Penn’s Beloved Palestra Turns 90 Years Old

The legendary basketball gym opened on January 1, 1927. Teams love it so much that last weekend Penn State played a home game there.

Palestra

A packed Palestra on Saturday afternoon. | Photo: Dan McQuade

The first thing Tom Izzo did was apologize.

It was Saturday afternoon. His Michigan State Spartans had just lost to the Penn State Nittany Lions, 72-63. The game was played at Penn’s Palestra, with Penn State giving up a home game in order to get a better foothold in the rich Philadelphia high school basketball recruiting environment. Lions fans packed the building for the season’s first sellout — despite Villanova playing there twice last fall — and Izzo’s team came out flat. Penn State shot 60 percent in the first half; the 12-point halftime lead was enough that Michigan State never got closer than 5 in the second.

“I’m embarrassed that in a city where basketball is like this that my team would play like they did that first half,” said Izzo, who has led Michigan State to seven Final Fours and one title. “We guarded nobody. I was totally frustrated with the way we played, and I guess I’m going to have to live with some of it … this was humiliating for me to be in such a great city and a great basketball venue and I did not have my players ready to play.”

Later, he actually apologized to the building itself. “My apologizes to this magnificent facility,” he said.

It sounds silly, except that Izzo was in the Palestra — Penn’s storied basketball gym that opened 90 years ago this month. If I were coaching a team that allowed its opponents to shoot 60 percent, I’d apologize to the gym, too. Many teams have put on great performances in the Palestra, and Izzo — in a place he always wanted to coach a game in — couldn’t get his team to come up with one.

People speak about the Palestra in mythical tones. “This is a basketball cathedral,” longtime Philly and New York scribe Dick “Hoops” Weiss has said. “The Palestra is unique,” said St. Joe’s coach Phil Martelli, “because it’s the only empty building in America that you can go into and there’s sound.” Et cetera.

What’s great about it is the building still feels 90 years old. The renovations of 2000 turned the concourses into a museum exhibit, with exhibits on the history of Penn and Big 5 basketball (which somehow still includes a photo of Bill Conlin).

And when you walk to your seat, the arena almost seems like it’s stuck in 1927. Penn has added a video scoreboard, and chairback seats in the lower levels. But the majority of the seats are still bleachers. When you go to a sold-out game, like it was on Saturday, you’re basically going to end up sharing your seat with the person next to you. Sure, most of the other basketball venues in the city are nicer. But none match up.

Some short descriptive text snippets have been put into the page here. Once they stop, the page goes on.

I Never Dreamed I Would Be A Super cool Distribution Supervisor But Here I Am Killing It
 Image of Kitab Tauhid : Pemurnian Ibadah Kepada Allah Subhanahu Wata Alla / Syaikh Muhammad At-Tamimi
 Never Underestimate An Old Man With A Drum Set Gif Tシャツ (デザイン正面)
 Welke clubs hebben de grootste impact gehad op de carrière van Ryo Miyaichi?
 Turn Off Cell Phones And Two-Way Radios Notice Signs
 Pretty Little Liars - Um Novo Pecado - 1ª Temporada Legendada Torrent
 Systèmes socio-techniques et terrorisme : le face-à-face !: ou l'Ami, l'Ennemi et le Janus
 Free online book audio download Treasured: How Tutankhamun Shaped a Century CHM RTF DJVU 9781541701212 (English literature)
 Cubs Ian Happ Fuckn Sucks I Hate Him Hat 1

“To walk in the locker room and not see any jacks for wi-fi and phones and Twitter — God, it was great, you know?” Izzo said. “I told our guys we’d probably have to hang our coats on hooks. We didn’t even have hooks in there! It was awesome. It was just awesome. I threw my damn coat on the floor and said, ‘This is where it belongs.’”

Pat Chambers, Penn State’s coach and a Radnor native, came to the postgame press conference in a hoodie. He was asked what he liked about the gym: “The lighting. The smell. It’s a gym. It’s a gym,” he said, emphasizing that the Palestra is not really an arena. “I was drenched. I had to get changed. I was drenched underneath my coat. And you just love it. You love every second, every sweat, every drop.”